# About this exercise
Repeat the listing below line by line, exactly, leaving its pictures behind.

# Dataset content
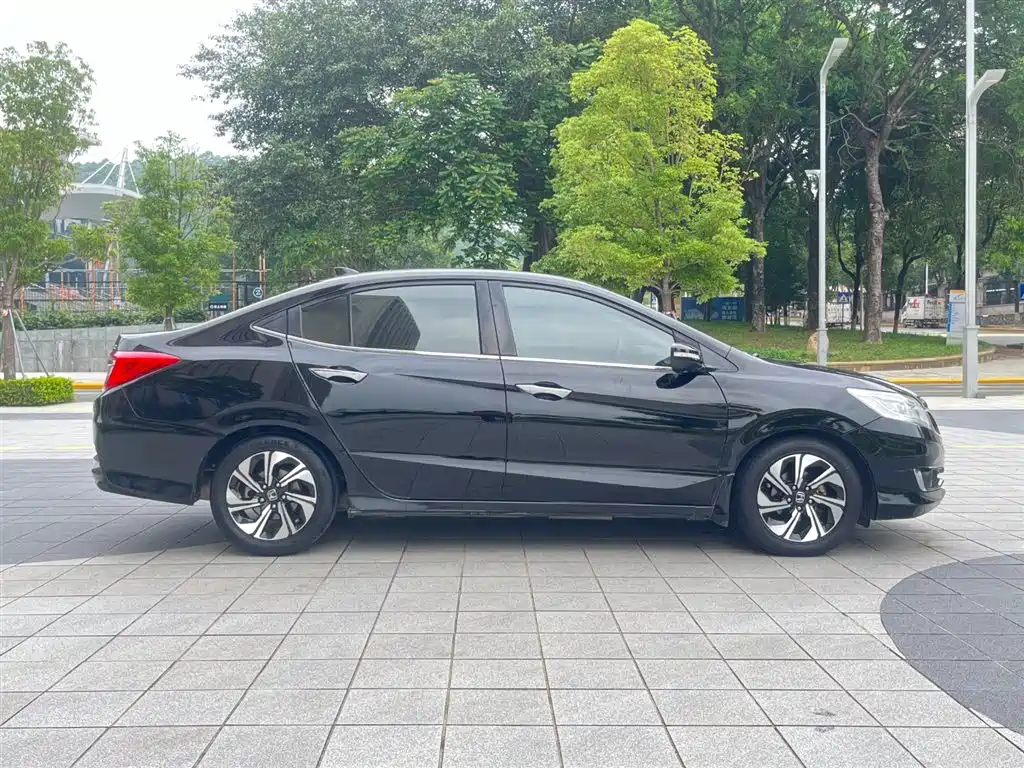 Honda Crider 2016 1.8L CVT Comfort Edition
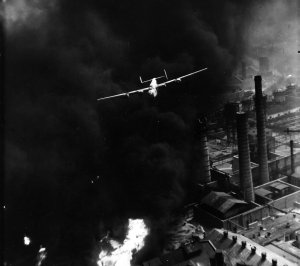 The_Sandman_a_B-24_Liberator,_piloted_by_Robert_Sternfels.jpg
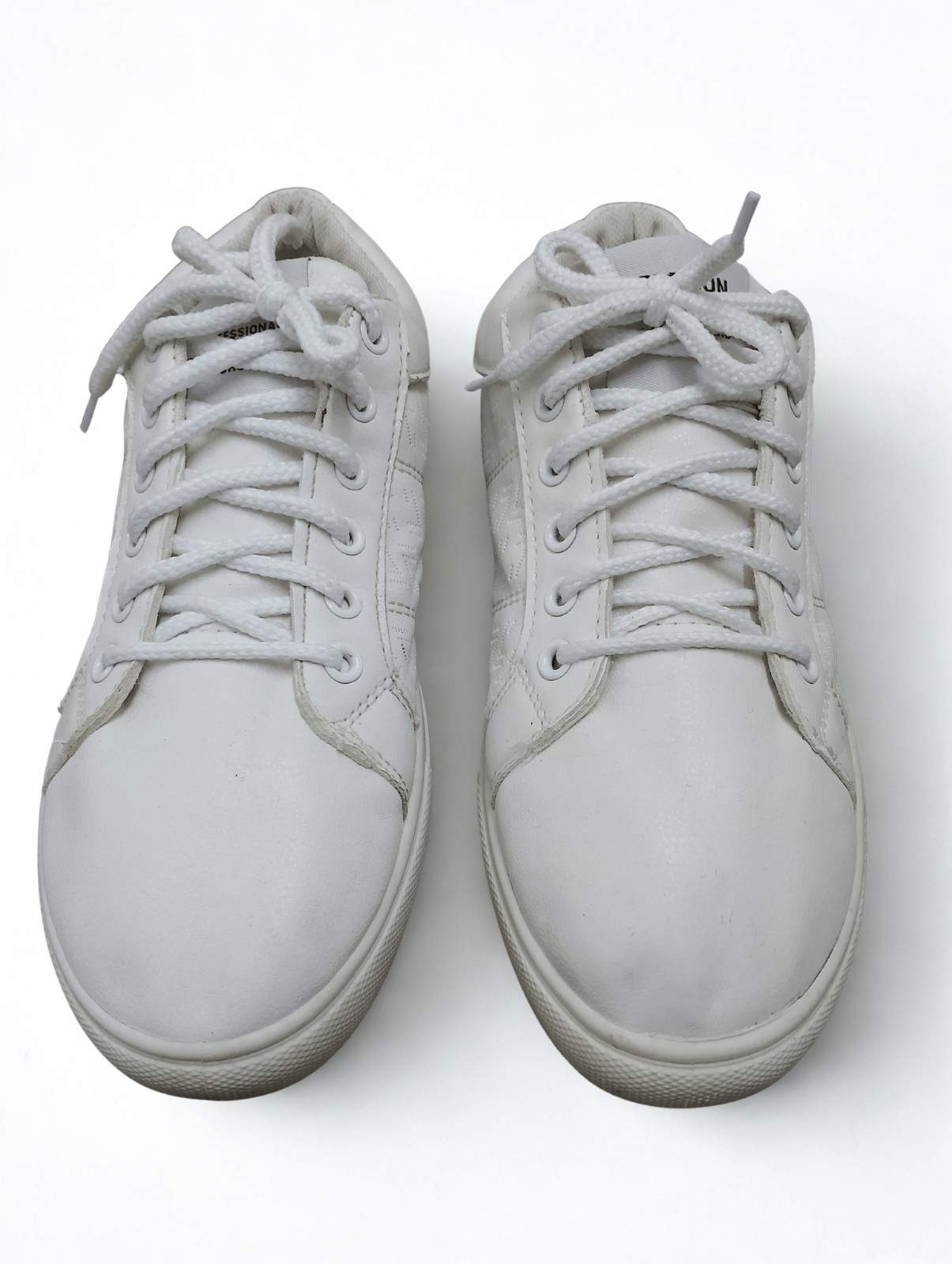 White Fashion Low-Top Casual Sneakers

# Written answer
 Honda Crider 2016 1.8L CVT Comfort Edition
 The_Sandman_a_B-24_Liberator,_piloted_by_Robert_Sternfels.jpg
 White Fashion Low-Top Casual Sneakers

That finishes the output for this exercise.